Mark flipped on another light and she saw they were now in a gourmet kitchen straight from the pages of a magazine, with designer black granite countertops and a huge island. Next to it were a commercial-size stainless steel stove and refrigerator. The area was easily five times bigger than her galley kitchen in her own apartment. If she had this kind of space, she thought, then she might actually enjoy cooking, a pastime that had been spoiled for her during her marriage to her ex-husband. Bill had insisted on a full meat-and-potatoes type of meal each evening, which in itself might not have been bad if he hadn’t felt the need to criticize her efforts the entire time he was cleaning his plate. No matter what she made, it was never good enough for him.

She perched on the edge of one of the barstools that he’d indicated before saying, “You have a really nice kitchen. Do you cook a lot?”

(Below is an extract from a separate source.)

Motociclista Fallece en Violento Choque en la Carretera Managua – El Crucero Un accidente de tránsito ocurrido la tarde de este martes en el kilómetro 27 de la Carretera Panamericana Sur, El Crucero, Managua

He smirked as if she’d said something amusing. “I’d like to say that I’m a whiz in the kitchen like the Merimon brothers, but my skills in that particular area are pretty basic. I can do enough to get by, but I’m on the go a lot, so I tend to eat before I come home.”

Laughing, Crystal said, “I’ve heard Suzy and Beth talk about how Nick and Gray were raised to work out their problems in the kitchen. I guess they cooked with their mother while they talked. It sounds as if they could open their own bakery if they ever decided to change professions.” Thinking of her own overbearing mother, she added, “I wish I had grown up with someone that nurturing.”

Mark paused for a moment in the act of adding bread to a toaster, then he said quietly, “Yeah, I wouldn’t know a whole helluva lot about that either. Celine DeSanto’s idea of parental bonding was to help my father remain upright until dinner was finished. Otherwise, he’d be passed out cold before the salad course was over.”

Crystal didn’t know what to say to the information that he’d just revealed. The stiff set of his shoulders said that he wouldn’t welcome her sympathy, so instead, she changed the subject. “So, why am I here? I’ve put together enough to know that I must have gotten sick—possibly on your shoes,” she added weakly. “But I don’t recall anything other than that.”

He worked silently for a moment before setting two pieces of dry toast in front of her along with a chilled bottle of water from the refrigerator. “I know it’s not a great breakfast, but I think we should be cautious since you were still feeling nauseous just a short while ago.” Pointing to the food, which she still hadn’t touched, he added, “Now eat, while I talk.” She began nibbling on the bread while he seated himself across from her. “I was walking a few steps behind you when you left Danvers two days ago.”